While this notable addition to queer discourse in conjunction with horror substantiates this new series in its foundation, in its final expression the camerawork, editing, and pacing find no inventiveness beyond the myriad other ‘true crime’ narratives we’re all quite familiar with already. Perhaps taking cues most evidently from the construction of the independent feature that cost Annette Bening her Oscar (i.e., Boys Don’t Cry [Peirce (dir./wri.) & Bienen (wri.), 1999]), this American Sports Story leans all its interests on the centrality of its leading performance, from relative newcomer Josh Andrés Rivera, whose application here is complete, to be sure, but fails to go beyond the printed lines of the page, toward making his character not just true to the story he holds together but moreover fully three-dimensional: more than just a casualty of the cold social war between deeply entrenched homophobia and mainstream applause, especially in aggressively ‘masculine’ popular arenas like major league sports.

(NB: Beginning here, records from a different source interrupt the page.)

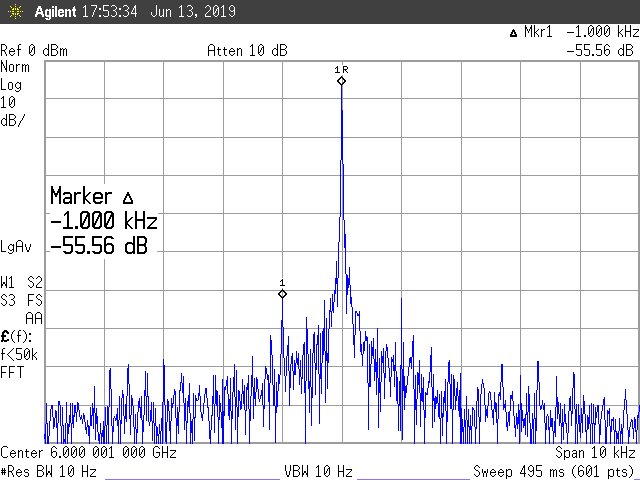 ERASynth Micro Integer Boundary Spurs @ Fout: 6.000001GHz (6GHz + 1kHz)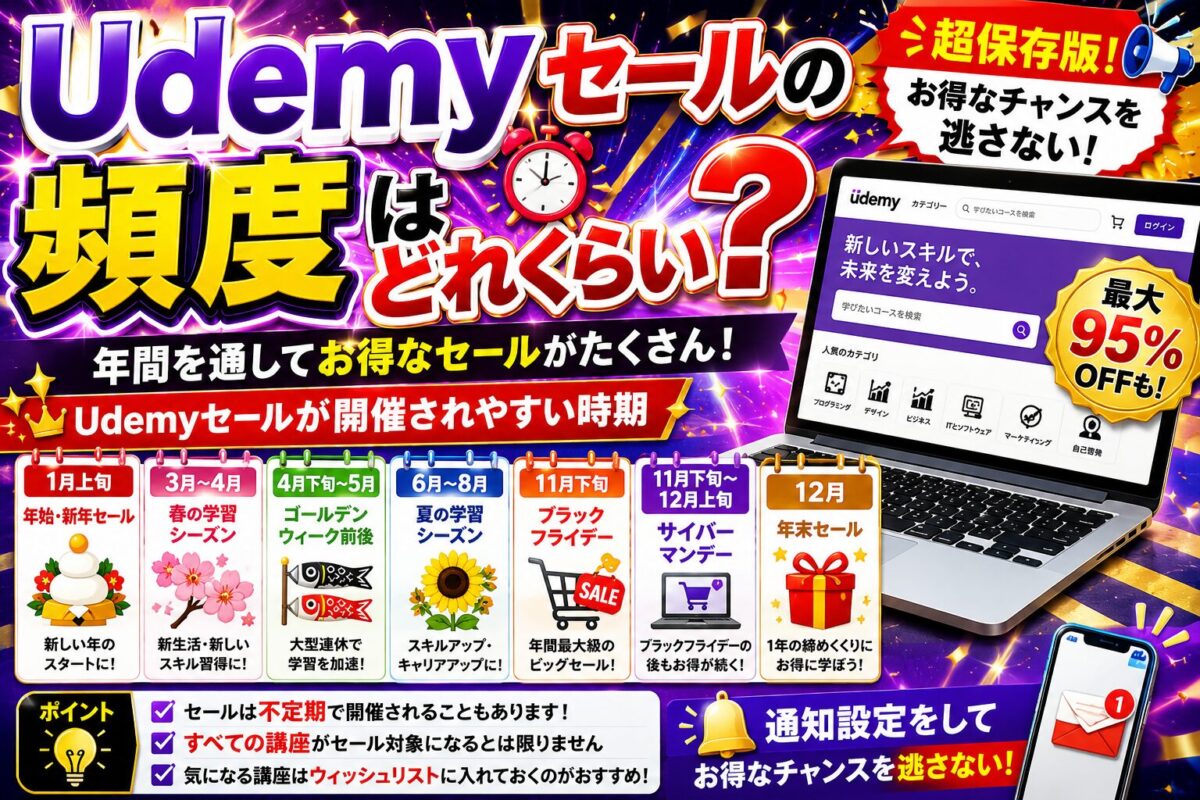 Udemyセールの頻度はどれくらい？年間を通した開催回数やセール時期をわかりやすく紹介する画像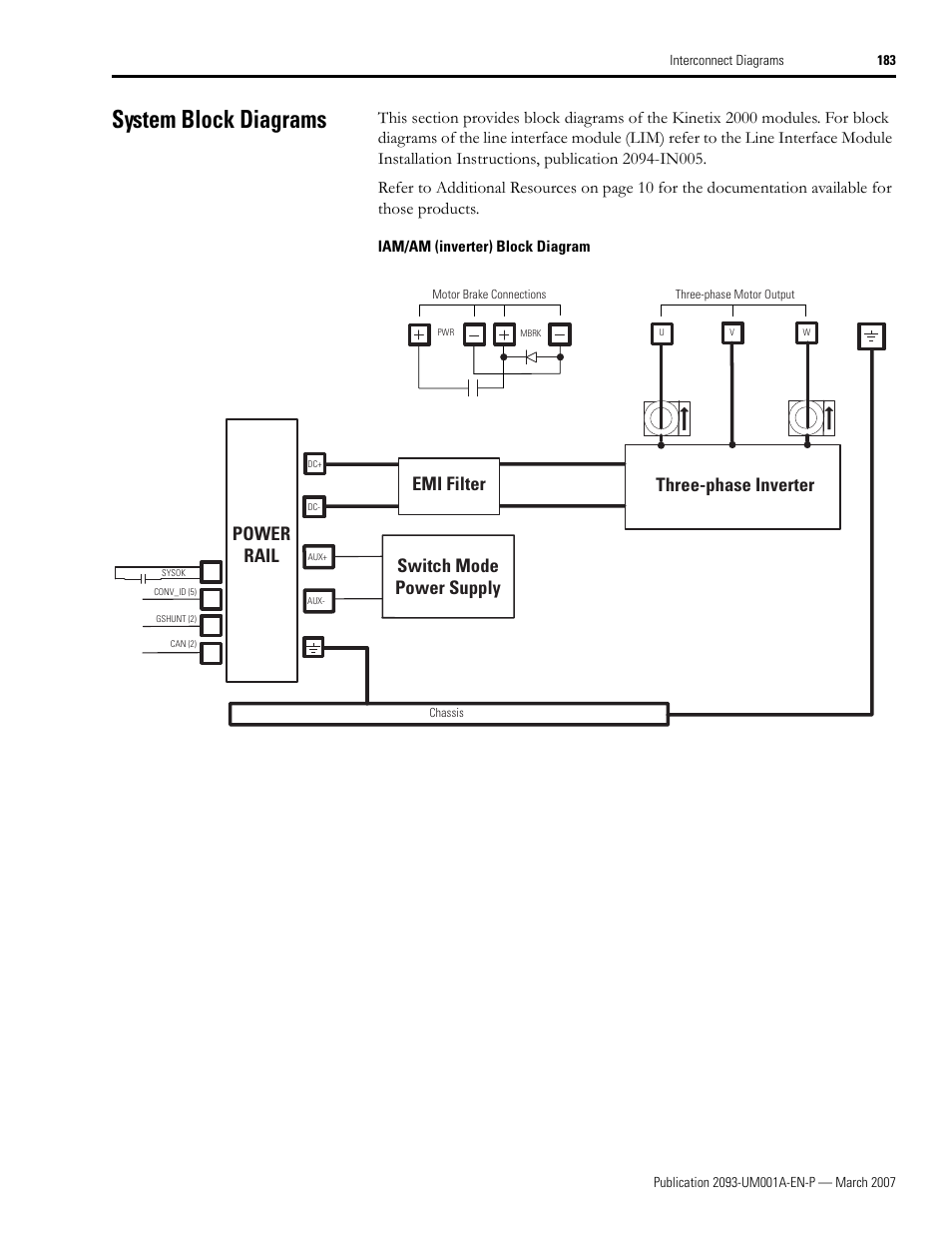 System block diagrams, Power rail, Switch mode power supply | Emi filter, Three-phase inverter | Rockwell Automation 2093-xxxx Kinetix 2000 Multi-axis Servo Drive User Manual User Manual | Page 183 / 226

All in all, while nothing is ‘wrong’ per se with this series, nothing is so ‘right’ either that it burns off the screen the way some few of its cousins have.
Temperature check
Tepid
Heartstopper (Season 3)
Netflix • Romance • Baggage
Synopsis
Adolescent couples perseverate on the individual struggles their members each have with control over the increasingly broadened horizons around them.
My take
Piners for adolescent queer utopian escapism, no doubt, are celebrating the return of this twee series, centrally narrating the budding romance between a nerdy unpopular high school student (now struggling with anorexia nervosa) and his golden-retriever boyfriend (now struggling to support someone with anorexia nervosa). However, as of last season, this series lost all the quirky curious magic it once had, in the heydays of its still only moderate début season (see my original take on Season 1 here and on Season 2 here). The characters now feel set on ‘persistent tumble-dry’ and, while I suppose that I should celebrate a thorough enough continuity of storyline that doesn’t opportunize hiatus between seasons as a chance to completely wipe the slate and start afresh, the carried-over plot lines from Heartstopper’s second season feel annoyingly insoluble when handled with such simultaneously slow and delicate tones. Perhaps this tonality is the mistaken result of immersive, empathetic storytelling gone awry; rather than empathize with the difficulties the central character Charlie and his circle of friends each contends with this season, I found myself empathizing instead with the grating frustration especially Charlie exudes whenever the other characters try haplessly to discuss those difficulties with him o so softly. The timidity in general is infuriatingly off the charts, except in the only redeeming storyline of the season: the thankfully exposed and expanded asexual and aromantic identity of Charlie’s friend Isaac (shown on the right above). That relatively minor plot line, in my opinion, is the only seriously empowering and vulnerable exploration to which this otherwise treacly tranquilizer to queer teen romance gives light.
Temperature check
Cold
Inside Out 2 (2024)
Disney+ • Adventure • High-Piled Anxiety
Synopsis
Continued emotional development rattles a thirteen-year-old hockey player and her internal cast of core emotions.
My take
Gorgeous segments of production design and glimmering (but fleeting) moments of interesting ideas cannot salvage this underbaked near-catastrophe of the franchise-monetization machine for Disney-Pixar HQ. Overconditioned on a singularity of emotional pretext without embracing the sweeping symphony of complex feelings emotion science recognizes the human condition embodies, Inside Out 2 cut its own corners, presumably in sacrifice for a “scoped” and realizable animated feature, without looking out for the vital and coherent connections those corners contained as reservoirs of pluripotent storytelling about the compellingly human experience it purports to portray.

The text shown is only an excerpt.